→ **Action item**
Below are some records; output exactly the lines from the line with "a mirror on" to the line with "Savia – Fase", both ends kept, and nothing more.

→ **Dataset**
────────

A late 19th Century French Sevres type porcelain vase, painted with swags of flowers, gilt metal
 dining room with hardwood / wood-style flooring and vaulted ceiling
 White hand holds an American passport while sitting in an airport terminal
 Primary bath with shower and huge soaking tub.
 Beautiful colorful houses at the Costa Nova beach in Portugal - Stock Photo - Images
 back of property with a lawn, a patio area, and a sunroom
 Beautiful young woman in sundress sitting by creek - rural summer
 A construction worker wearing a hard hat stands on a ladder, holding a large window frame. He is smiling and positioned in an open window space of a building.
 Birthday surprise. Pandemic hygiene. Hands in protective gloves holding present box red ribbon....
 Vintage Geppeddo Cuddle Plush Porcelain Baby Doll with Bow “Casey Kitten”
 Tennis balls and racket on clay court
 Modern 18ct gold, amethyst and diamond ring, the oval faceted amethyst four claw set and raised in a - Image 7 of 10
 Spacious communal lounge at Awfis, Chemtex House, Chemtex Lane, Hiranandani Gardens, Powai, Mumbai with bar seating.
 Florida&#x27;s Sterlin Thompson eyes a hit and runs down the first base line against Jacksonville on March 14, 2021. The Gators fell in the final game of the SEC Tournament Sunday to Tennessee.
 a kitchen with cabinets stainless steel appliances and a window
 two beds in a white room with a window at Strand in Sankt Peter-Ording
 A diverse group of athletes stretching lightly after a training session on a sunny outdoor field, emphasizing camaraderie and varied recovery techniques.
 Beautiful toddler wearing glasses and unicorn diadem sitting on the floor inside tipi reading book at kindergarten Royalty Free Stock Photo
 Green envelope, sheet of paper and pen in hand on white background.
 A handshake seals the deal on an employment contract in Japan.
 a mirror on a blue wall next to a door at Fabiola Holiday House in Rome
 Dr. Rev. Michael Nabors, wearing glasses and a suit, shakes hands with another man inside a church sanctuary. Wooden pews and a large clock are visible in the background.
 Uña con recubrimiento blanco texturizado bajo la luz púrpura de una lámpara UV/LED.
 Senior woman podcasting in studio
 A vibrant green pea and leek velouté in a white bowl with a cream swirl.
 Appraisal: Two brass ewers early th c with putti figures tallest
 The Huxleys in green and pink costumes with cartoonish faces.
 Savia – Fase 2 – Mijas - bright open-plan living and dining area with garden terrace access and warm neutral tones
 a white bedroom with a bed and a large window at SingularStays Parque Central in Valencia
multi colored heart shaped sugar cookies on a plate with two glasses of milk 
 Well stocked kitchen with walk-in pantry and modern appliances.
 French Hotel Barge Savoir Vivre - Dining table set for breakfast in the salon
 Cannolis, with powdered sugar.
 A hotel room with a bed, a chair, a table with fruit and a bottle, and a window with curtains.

────────

→ **Final answer**
 a mirror on a blue wall next to a door at Fabiola Holiday House in Rome
 Dr. Rev. Michael Nabors, wearing glasses and a suit, shakes hands with another man inside a church sanctuary. Wooden pews and a large clock are visible in the background.
 Uña con recubrimiento blanco texturizado bajo la luz púrpura de una lámpara UV/LED.
 Senior woman podcasting in studio
 A vibrant green pea and leek velouté in a white bowl with a cream swirl.
 Appraisal: Two brass ewers early th c with putti figures tallest
 The Huxleys in green and pink costumes with cartoonish faces.
 Savia – Fase 2 – Mijas - bright open-plan living and dining area with garden terrace access and warm neutral tones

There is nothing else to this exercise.